Install Sample Factory with NetHack dependencies with PyPI:

pip install sample-factory[nethack]

Running Experiments

Run NetHack experiments with the scripts in sf_examples.nethack. The default parameters have been chosen to match dungeons & data which is based on nle sample factory baseline. By moving from D&D to sample factory we've managed to increase the APPO score from 2k to 2.8k.
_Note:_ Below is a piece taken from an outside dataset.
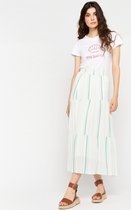 LOLALIZA Maxi rok met verticale strepen - Licht Groen - Maat L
To train a model in the nethack_challenge environment:

python -m sf_examples.nethack.train_nethack \
    --env=nethack_challenge \
    --batch_size=4096 \
    --num_workers=16 \
    --num_envs_per_worker=32 \
    --worker_num_splits=2 \
    --rollout=32 \
    --character=mon-hum-neu-mal \
    --model=ChaoticDwarvenGPT5 \
    --rnn_size=512 \
    --experiment=nethack_monk

To visualize the training results, use the enjoy_nethack script:

python -m sf_examples.nethack.enjoy_nethack --env=nethack_challenge --character=mon-hum-neu-mal --experiment=nethack_monk

Additionally it's possible to use an alternative fast_eval_nethack script which is much faster

python -m sf_examples.nethack.fast_eval_nethack --env=nethack_challenge --sample_env_episodes=128 --num_workers=16 --num_envs_per_worker=2 --character=mon-hum-neu-mal --experiment=nethack_monk 

List of Supported Environments

  • nethack_staircase
  • nethack_score
  • nethack_pet
  • nethack_oracle
  • nethack_gold
  • nethack_eat
  • nethack_scout
  • nethack_challenge

Results

Reports

  1. Sample Factory was benchmarked on nethack_challenge against Dungeons and Data. Sample-Factory was able to achieve similar sample efficiency as D&D using the same parameters and get better running returns (2.8k vs 2k). Training was done on nethack_challenge with human-monk character for 2B env steps.

Models

Sample Factory APPO model trained on nethack_challenge environment is uploaded to the HuggingFace Hub. The model have been trained for 2B steps.

The model below is the best model from the experiment against Dungeons and Data above. The evaluation metrics here are obtained by running the model 1024 times.

Model card: https://huggingface.co/LLParallax/sample_factory_human_monk Evaluation results:

{
    "reward/reward": 3245.3828125,
    "reward/reward_min": 20.0,
    "reward/reward_max": 18384.0,
    "len/len": 2370.4560546875,
    "len/len_min": 27.0,
    "len/len_max": 21374.0,
    "policy_stats/avg_score": 3245.4716796875,
    "policy_stats/avg_turns": 14693.970703125,
    "policy_stats/avg_dlvl": 1.13671875,
    "policy_stats/avg_max_hitpoints": 46.42578125,
    "policy_stats/avg_max_energy": 34.00390625,
    "policy_stats/avg_armor_class": 4.68359375,
    "policy_stats/avg_experience_level": 6.13671875,
    "policy_stats/avg_experience_points": 663.375,
    "policy_stats/avg_eating_score": 14063.2587890625,
    "policy_stats/avg_gold_score": 76.033203125,
    "policy_stats/avg_scout_score": 499.0478515625,
    "policy_stats/avg_sokobanfillpit_score": 0.0,
    "policy_stats/avg_staircase_pet_score": 0.005859375,
    "policy_stats/avg_staircase_score": 4.9970703125,
    "policy_stats/avg_episode_number": 1.5,
    "policy_stats/avg_true_objective": 3245.3828125,
    "policy_stats/avg_true_objective_min": 20.0,
    "policy_stats/avg_true_objective_max": 18384.0
}